Your assignment:
Only the lines from the one bearing "KOLIGEY Height Adjustable" through the end of the listing belong in your response, restated word for word and without pictures.

Task material:
☆ ☆ ☆ ☆
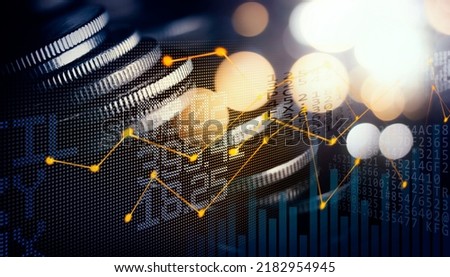 Double exposure image of coin stacks on technology financial graph background.Economy trends background for business ,financial meltdown ,Cryptocurrency digital economy. Royalty-Free Stock Photo #2182954945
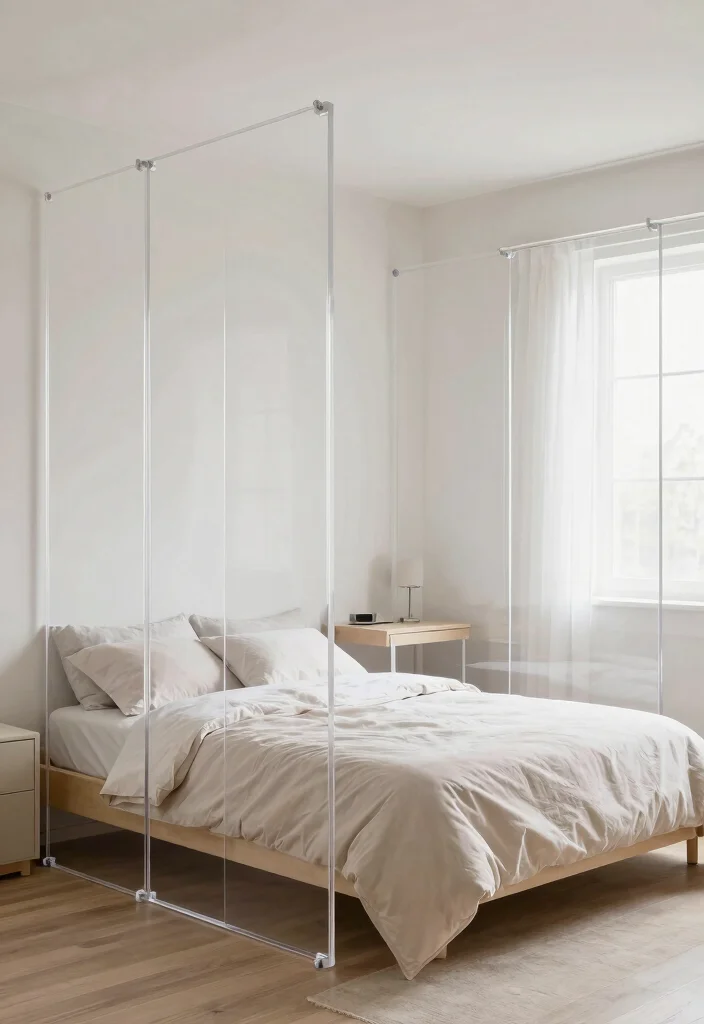 12 Bedroom Room Divider Ideas That Create Instant Zones 12. Light and Airy Transparent Dividers 0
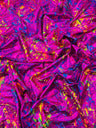 Splatter Foil Paint Metallic Print Nylon Spandex Fabric - Tie Dye, 4-Way Stretch, Fuchsia, Silver, Turquoise, 58-60" Width, 36" Length (1 Yard)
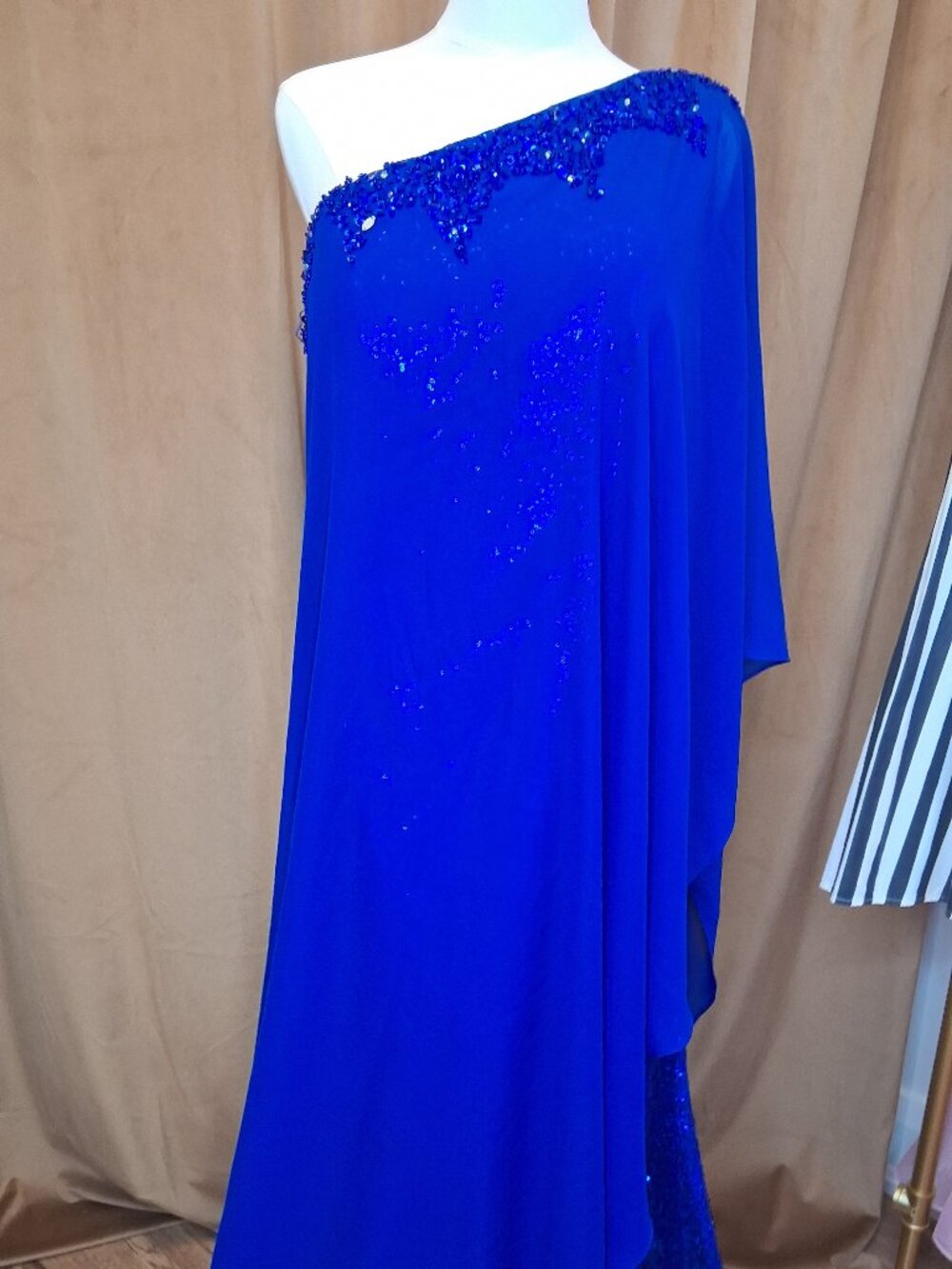 Ada's Bridal Blue One Shoulder Sequins Overdrape Gown Size 10
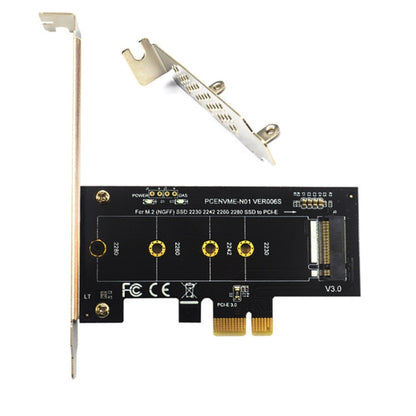 PCI-E 1X To M.2 NVME KEY-M SSD Riser Card Adapter, With Baffle, Without Baffle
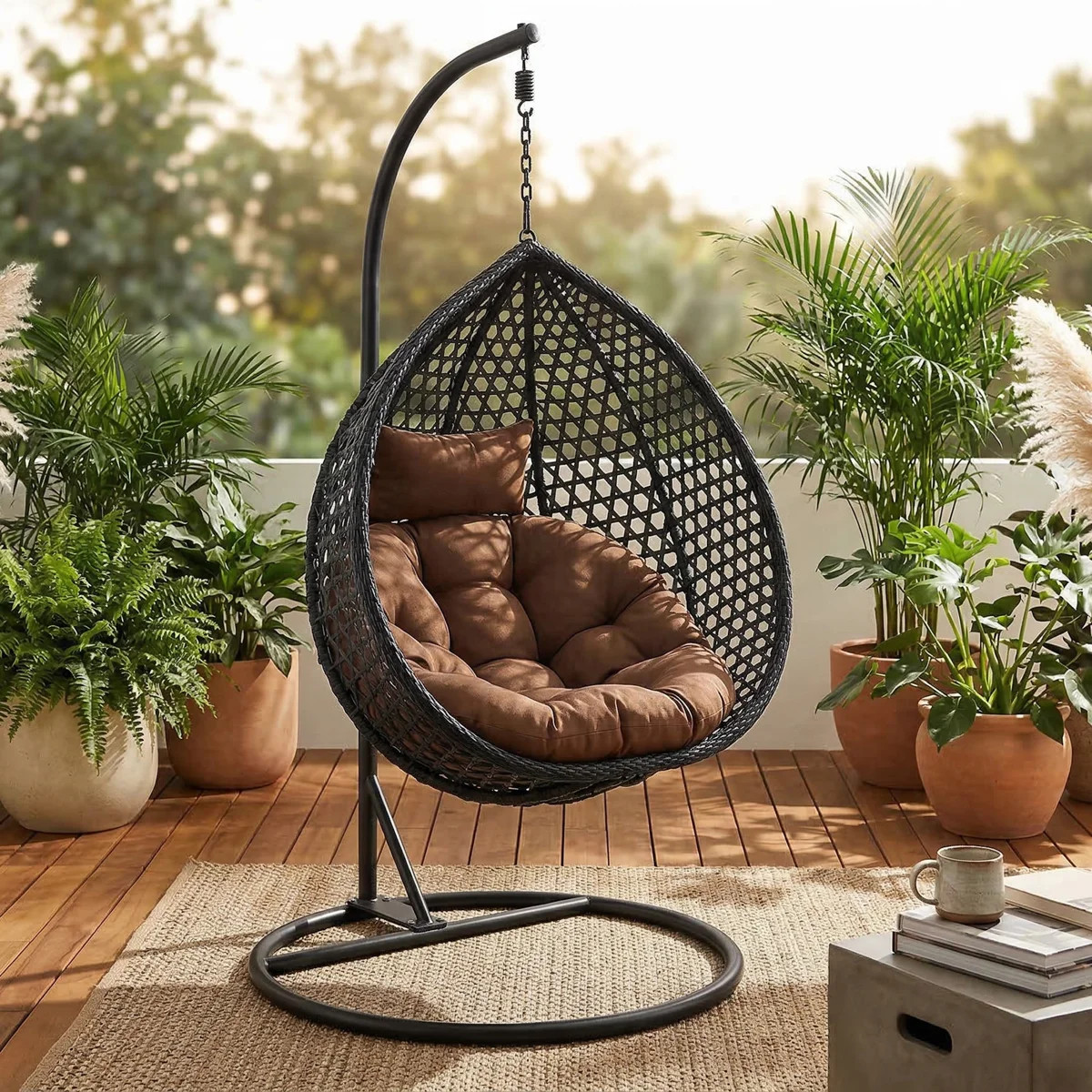 Chaviano Modern Indoor Outdoor Wicker Egg Chair with C-Stand, Teardrop Swing Chair with UV-Resist... | Wayfair North America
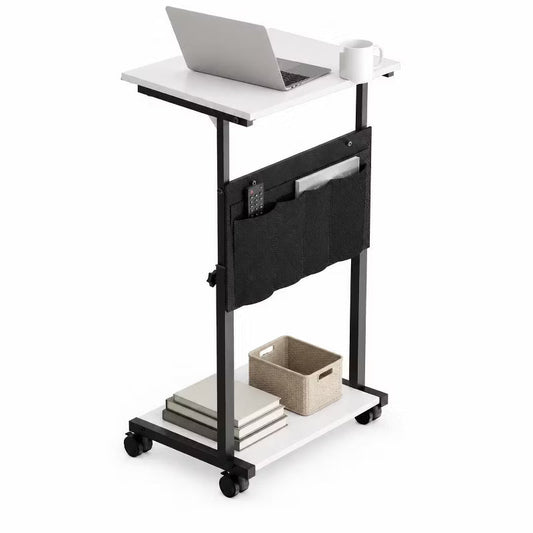 KOLIGEY Height Adjustable C-Shaped End Table with Wheels, Mobile Sofa Side Table with Storage Pocket, Rolling Laptop Desk, Lockable Casters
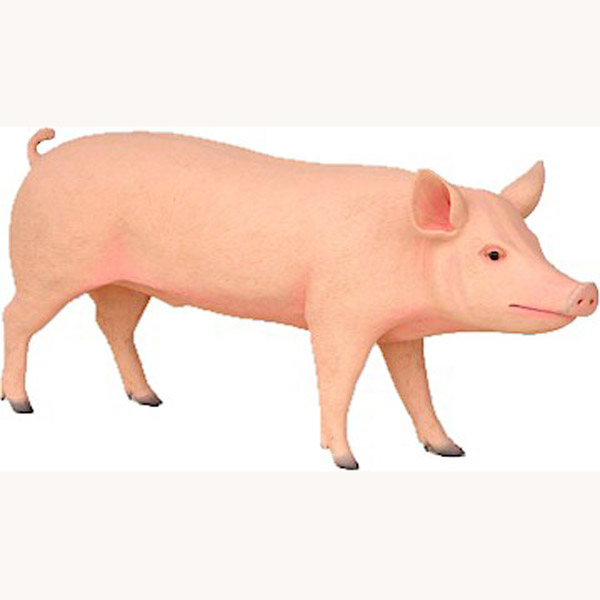 Life-Sized Fiberglass Pink Pig Life-Sized Fiberglass Pink Pig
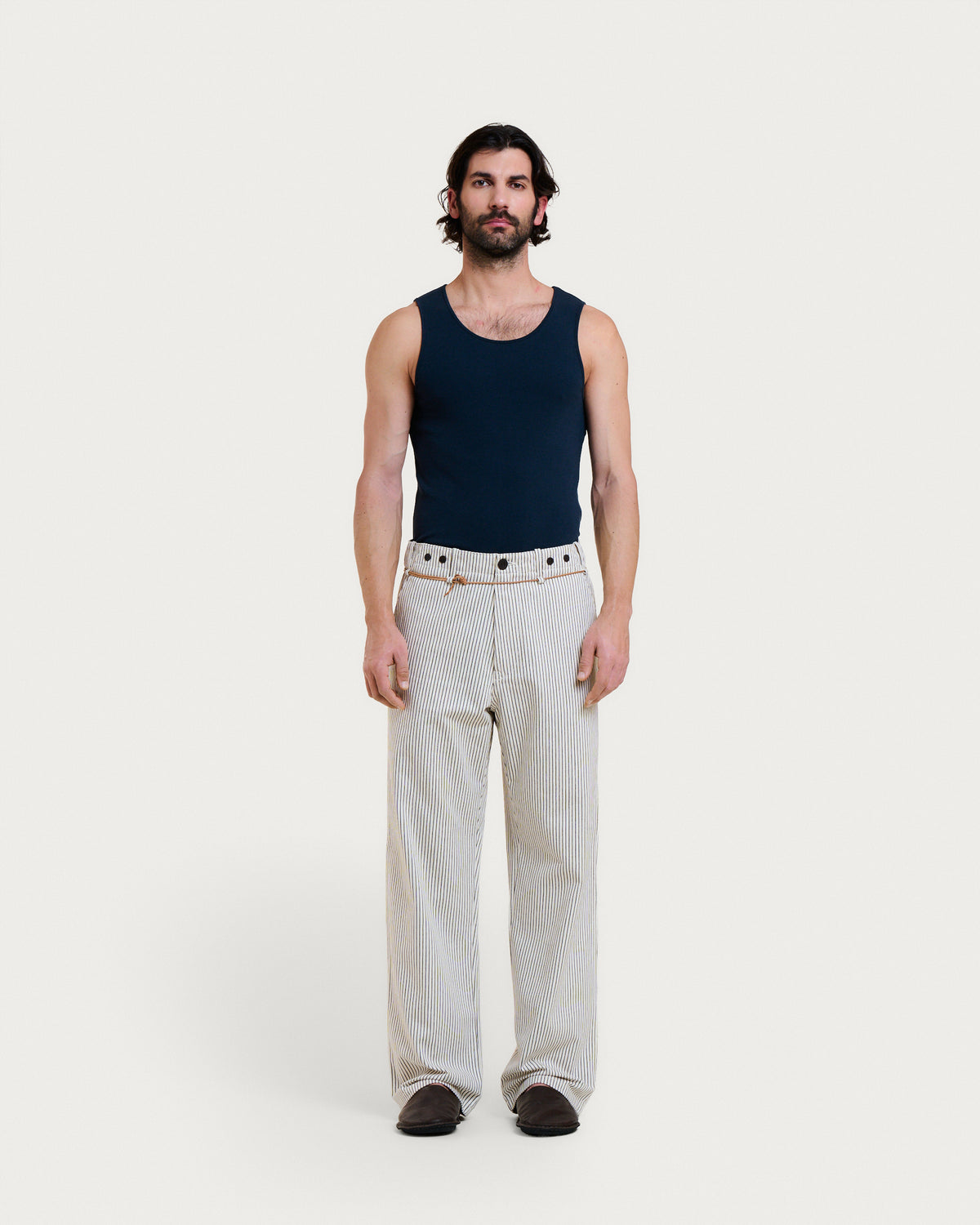 HEMMING BROWN STRIPES TROUSERS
☆ ☆ ☆ ☆
Completed exercise:
 KOLIGEY Height Adjustable C-Shaped End Table with Wheels, Mobile Sofa Side Table with Storage Pocket, Rolling Laptop Desk, Lockable Casters
 Life-Sized Fiberglass Pink Pig Life-Sized Fiberglass Pink Pig
 HEMMING BROWN STRIPES TROUSERS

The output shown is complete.